Lets put some numbers here for example. Consider a page with no images on it as oppose to a page that has 30 pictures on it (not unreasonable, just look at the home page of Amazon for example). Imagine a single person hitting once each page. The first one will generate 1 hit, and the second one will generate 31 hits. Which is the more popular site? Well in the early dot-com days, marketeers would have you believe that the second site was, because it had 30 more hits than the first. But as we know it's a meaningless figure. So hits became known as 'page-requests' and that removed a lot of the confusion. At Blog-City world every time we say hit, we mean 'page-request'. The reason is that 'page-request' never really caught on as a buzzword outside of the technical world.
Page-requests are going through the same sort of confusion that the early hit counts did; artifically inflated numbers. The reason for this is down largely to the search engines. Have you noticed that you don't need to submit/add your site to any search engines these days? Due to some witch craft, they magically appear in search results. How do you think they appear there if no-one is adding them? The search engine has to crawl/spider your site. That means they got to your site by someone first linking to it, reading that page indexing the content, and keeping a note of all the URL's on that page as more pages it should go and visit. And so the spiral continues. Again lets look at an example.
Google finds your URL by some how (some link on some other site) and it goes and reads that page. While it's indexing your content into its search engine, it's keeping a note of all the URL's you refer to on your site; including links to external sites and bookmarks to internal blogs on your own site. It will then start the cycle again, visiting each new link it found. This is called spidering, or crawling your site. Each time this happens, a 'hit' or 'page-request' is generated. Now, the majority of bloggers do not update all their content all the time. They merely keep adding content. But they have links to all their previous blog entries. So when Google (Google being the generic name for spiders) comes along and reads your latest blog entry, due to the fact you can link to all your other blogs, it will go and read these blog entries again. But they haven't changed. Why do they need indexed again? There is one avenue where Blog-City has improved the technology; we don't permit them to re-spider if the content hasn't changed from the last time they read it. This is controlled by the spider giving us the last date they read a particular entry and we can then compare it and make the decision there and then as to whether or not they get to read it again. If they don't need to read it again, then a 'page-request' or 'hit' is not registered.

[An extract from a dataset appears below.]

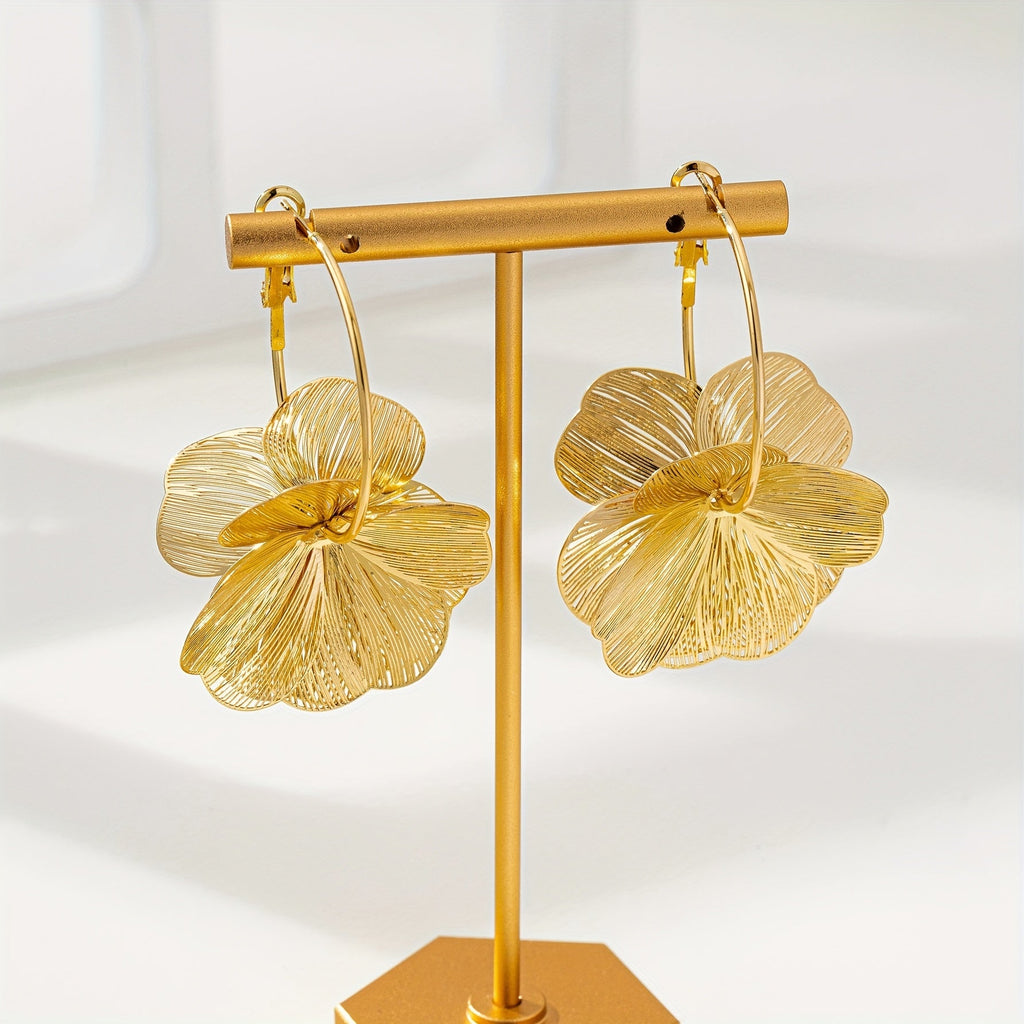 Exaggerated Gold Hollow Earrings x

But does that mean you slipped out of Google? No. In fact, do a search for your blog on Google and you'll see.
Now, as you can appreciate by removing these extra unnecessary hits, Blog-City have significantly removed the redundancy away from the servers, which means less bandwidth.
Onto the second part, rogue spiders.
A rogue spider is basically not a real person, and doesn't obey the guidelines of the web that spiders follow. These are generally software in development and spam-crawlers looking for email addresses. Our system dynamically monitors who is doing what, and then capture these guys as and when it's happening and restrict their access. We don't completely deny their request, merely slow them down. So all these repeated or rogue requests don't count. They add no real value to you since they weren't real people reading your blog. Merely automated bots who in some instances are not even harvesting your content for aggregation. At the end of the day, our most important person is the person reading your blog. They are the ones that we all care about.